I strongly advise Indian law grads to look towards the non-traditional markets for three reasons:

  • Getting legal jobs in Europe and the States is extremely difficult – to find an organization that is willing to do labor market tests on your behalf is nothing short of a miracle, they prefer to hire locally (they have their own million of local graduates looking for jobs).
  • On that one-off chance you do find a job, and an organization willing to do it all for you, as a fresher straight out of law school you’ll be spending what you earn (and that’s if you’re lucky). For at least the first two years you wouldn’t be able to have any savings and will be living paycheck to paycheck as the costs of living are high.
  • When putting yourself out in the international market, you’ll find scores of people who have either an internship or short-term job experience in either Europe or North America. Having exposure in non-traditional markets like Central Asia really makes your resume stand out from the entire bunch as its refreshing, bold, and shows that you are adaptable to different kinds of work environments.

Pointers:

I personally have not found much success in applying on job portals – millions of people around the world are applying for that exact same position you are currently looking at, and most of them with more experience or qualifications than you. After tons of experience on applying for jobs both nationally and internationally (and failing), I have two pieces of advice for freshers on the job hunt:

  • Network, network and more network!
    A few tips – attend international conferences that happen in your city and network; use LinkedIn and Twitter to follow organizations and persons in the field of your interest and make intelligent and informed comments on their posts; if you read an article you like, reach out to the author.The world is smaller than you imagine it to be – get informed, get heard, and put yourself out there.
  • Apply for that lower paid job in your dream field/organization and work your way up from there. Work hard, take on more tasks, put in that extra effort and before you know it, you’ll be exactly where you wanted to be.
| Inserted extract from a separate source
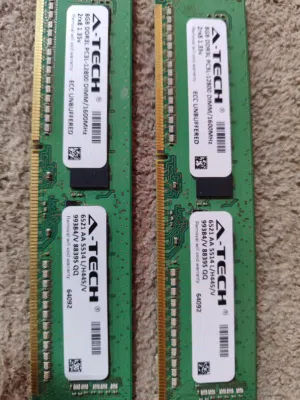 متوفر 22 قيقه رام ddr3 بسعر 300 دينار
Lastly, any advice for the Indian law graduate who is considering a master’s course, law or otherwise, outside the country?

Know what you want and work towards it.

Doing a masters or doctoral program abroad is a huge investment – make sure you know exactly what you’re investing in. There is no such thing as the perfect school or perfect course, rather it is about the amount of effort you put into making the best out of the resources and opportunities you have.

One thing I can say for sure, even if you end up changing your career paths and never using that degree from abroad (cause life happens), what you learned during your short time studying abroad will always give you that added step in your profession.

“One thing I can say for sure, even if you end up changing your career paths and never using that degree from abroad (cause life happens), what you learned during your short time studying abroad will always give you that added step in your profession.”